Friday, September 25, 2009

Who Makes Decisions For Children?

The following video will break your heart.  But, you know--sometimes our hearts NEED to be broken so something can change--so we can BE the change that needs to happen.

Watch it all the way to the end.  Read the captioning at the end. 



Okay, so I would obviously agree that they needed to have the medical intervention, the nutritional help, and even the physical therapy.  What breaks my heart is the way it seems to happen.  We (Christians, missionaries, aid societies, foster care systems, etc) come in and make such DRASTIC changes and think we did a good thing.  And I can't argue that a measure of good HAS been done!  It has. 

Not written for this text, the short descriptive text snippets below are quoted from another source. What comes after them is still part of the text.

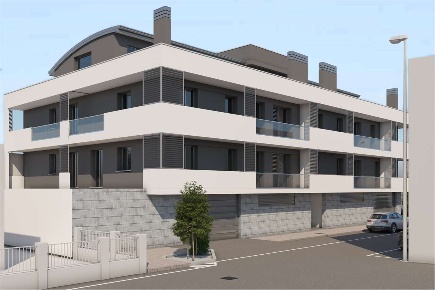 Foto Appartamento in Corso Milano 90, Barlassina Borgo Nuovo - Navigatori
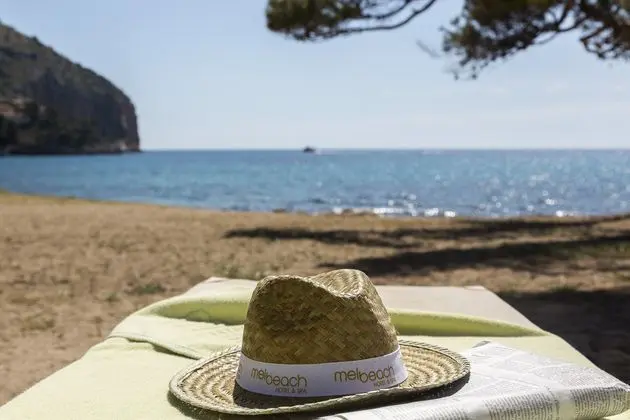 Melbeach Hotel & Spa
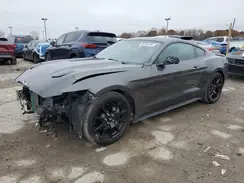 1FA6P8CFXH5264738 2017 FORD MUSTANG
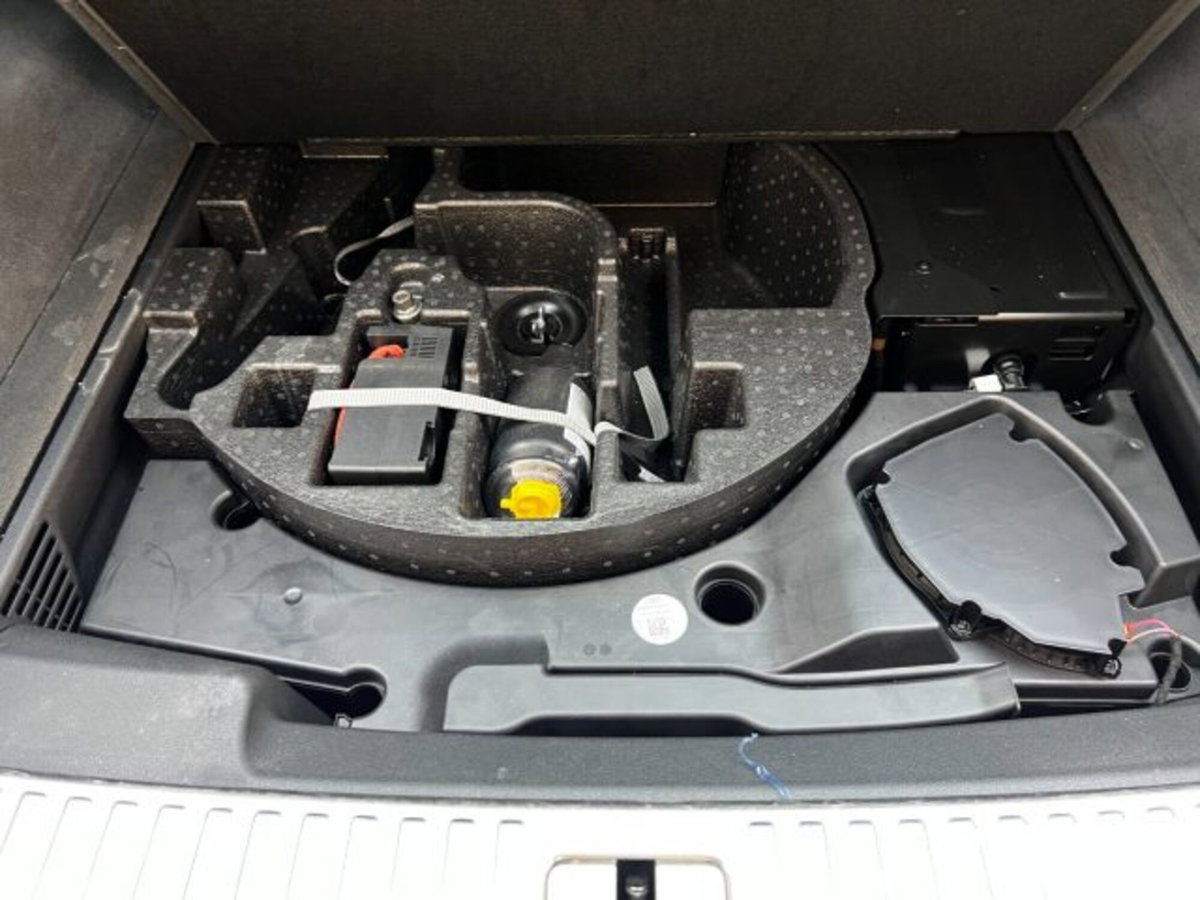 Audi Q8 Q8 45 TDI quattro tiptronic Sport (20)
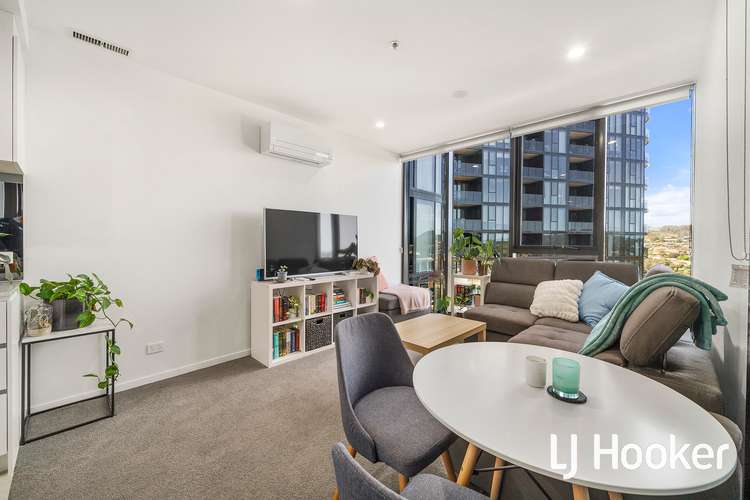 Fourth view of Homely unit listing, 1110/3 Grazier Lane, Belconnen ACT 2617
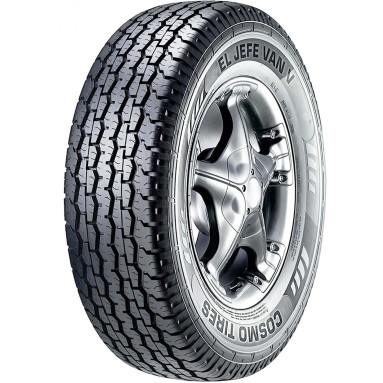 COSMO El Jefe Van V 155R12C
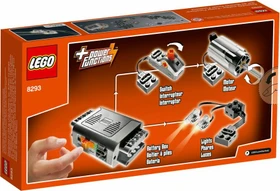 LEGO Power Functions - Tuning-Set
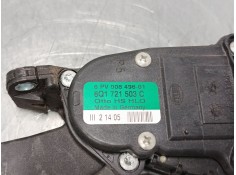 Recambio de pedal acelerador para seat ibiza iii (6l1) 1.4 16v referencia OEM IAM 6Q1721503C   2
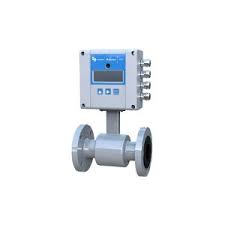 Medidor de Flujo Electromagnético ModMAG M2000 ...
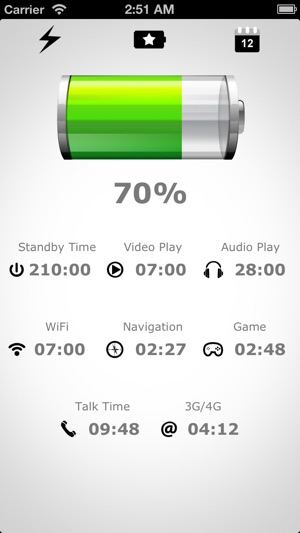 Battery(圖1)-速報App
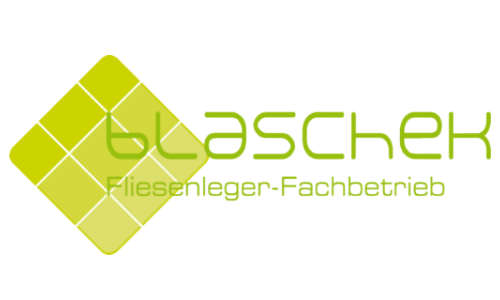 Logo Fliesenfachbetrieb Blaschek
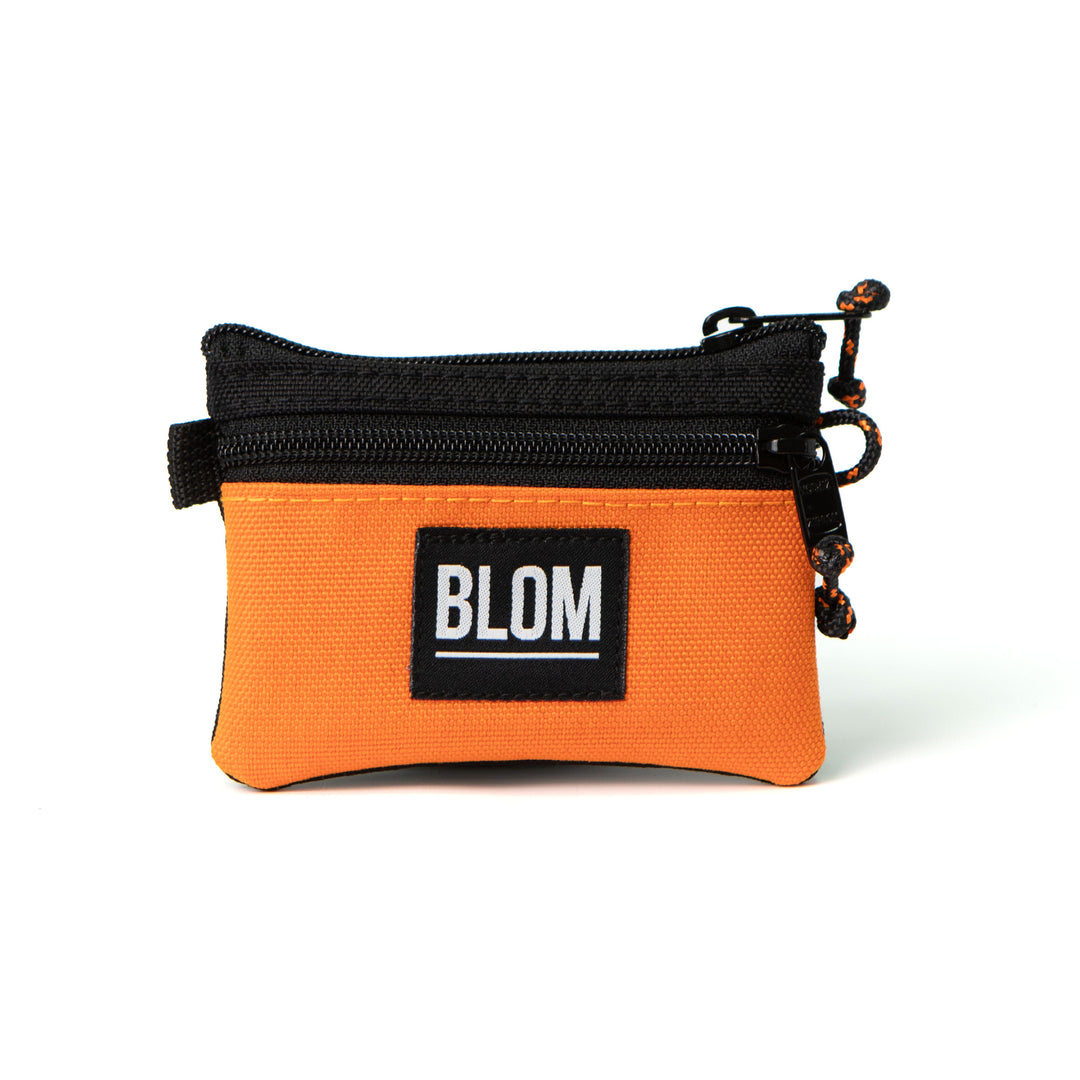 "Pack Explorer" Riñonera HX1 Negro + Zipped 2.0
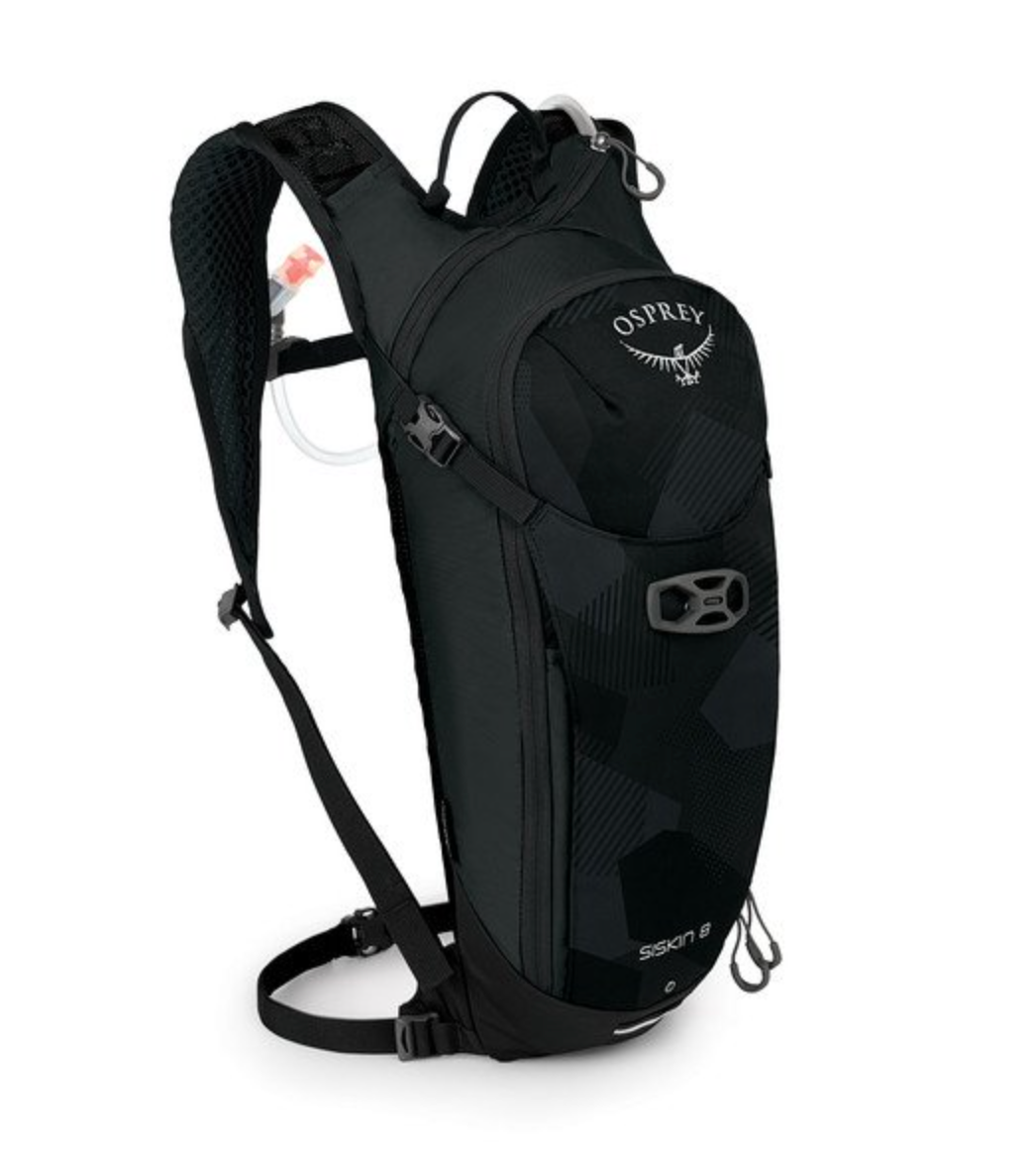 Osprey Siskin 8 Backpack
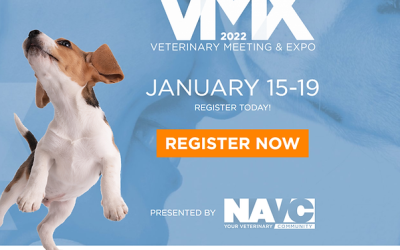 Meet us at VMX in Orlando in 2022!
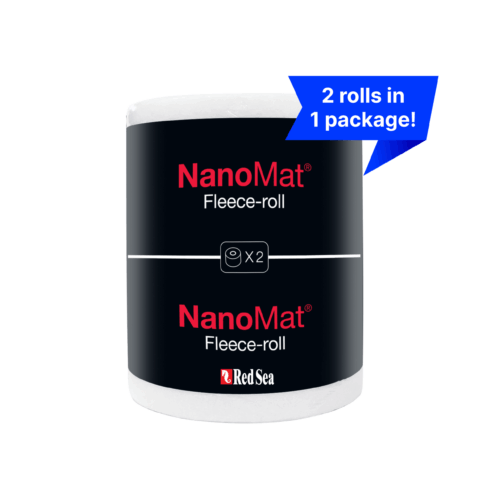 Red Sea NanoMat Filter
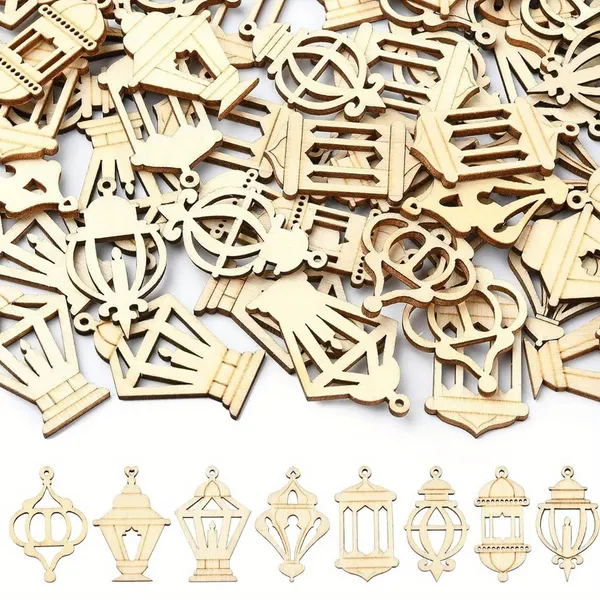 Beige_Lantern_Shape_Wooden_Craft_Cutouts_Diy_And_Craft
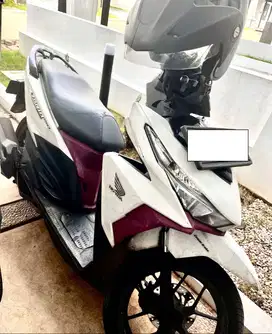 Honda Vario eSP 150 2018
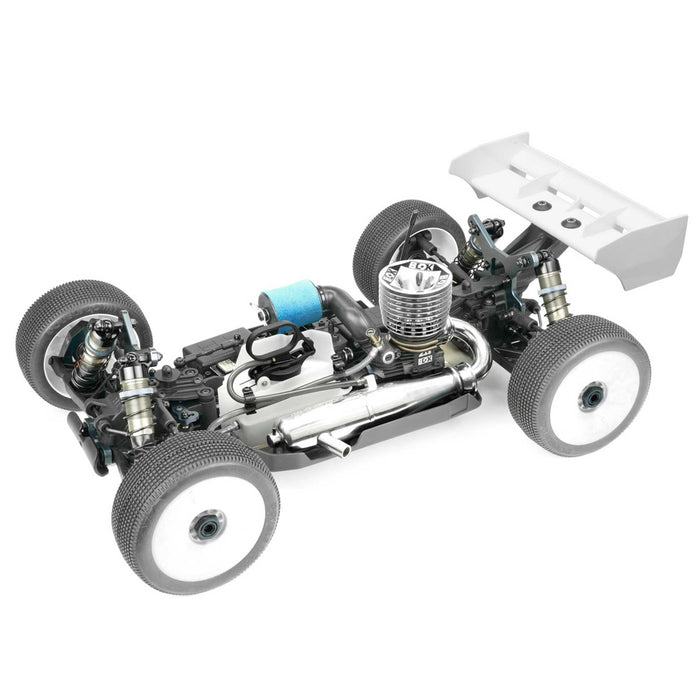 Tekno RC 9300 NB48 2.0 1/8 4WD Nitro Buggy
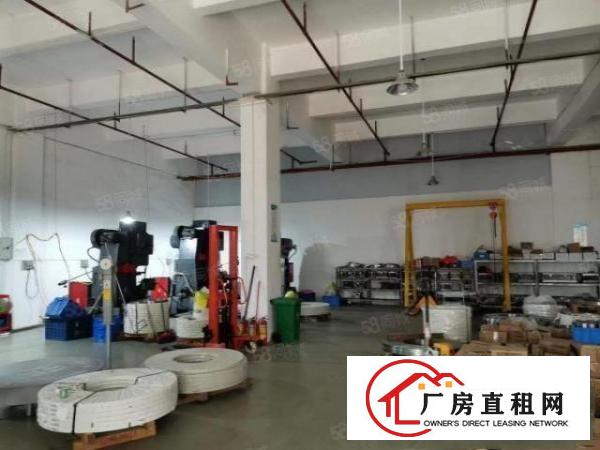  石碣刘屋村一楼600方（无公摊带2吨行车）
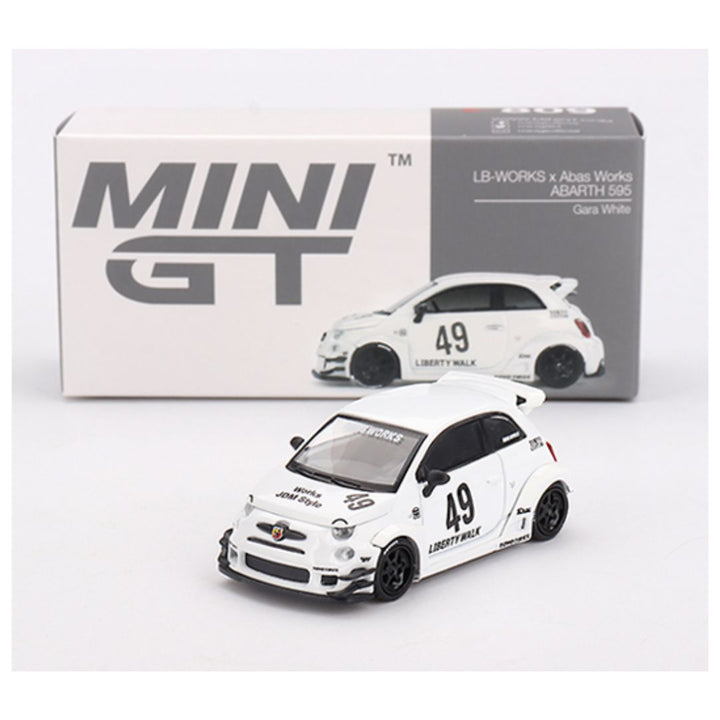 Mini-GT-_809-LB-WORKS-x-Abas-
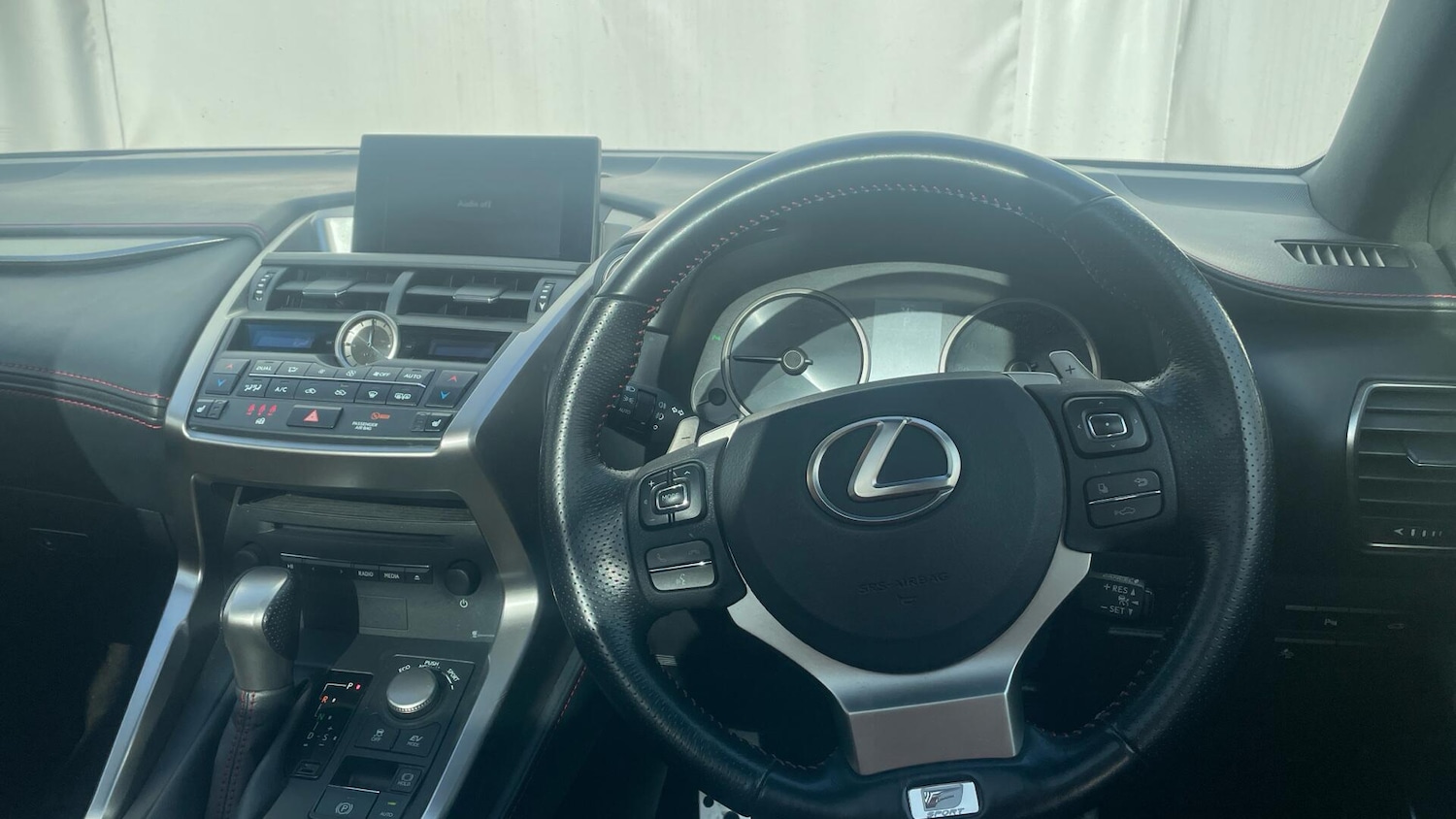 Used Lexus NX 2016 for sale - 78204652: Photo 11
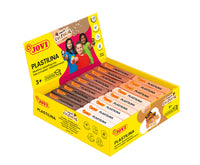 JOVI přírodní plastelína odstíny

But, what about 8 year old Jane, the mother-child?  You just take her siblings from her (who were her whole life and she theirs) and expect her to act like any regular child?  NO, that won't happen.  And the two little ones.  You take their lifeline from them and think they will just thrive because we have ridden in our our great white steeds to save the day?  You know, we might make them healthier, and we even might save their lives.  But at what cost?  Breaking up a family to bring a measure of good doesn't have to be the way it happens.

Jane needed to stay with her brother and sister.  They needed to stay with her.  Of course they needed help--they needed OUT of that desperately sad situation if they were to survive--no question.  But why couldn't that connection be preserved for them?  Why do we do this?  Even in our own country, in our foster care system, folks are all about putting the "handicapped" child in an institution or in a medical facility or a family who "deals with children like this", and putting the typical, healthy siblings in a different family, as if since there was a handicap involved, there was no emotional connection on the part of either child.  My Jared, Lena and Jonas are a perfect example of this phenomenon.  We had to fight tooth and nail for a year to be able to keep Jonas and Lena with Jared.  The state wanted to separate them.

I. JUST. DON'T. GET. IT.  Children--handicapped children, too--DO MAKE CONNECTIONS and have very deep and important relationships.  They deserve to have their connections preserved.  Help them, of course, but one of the best ways to help is to keep them connected to the people they care about and love WHILE you help them.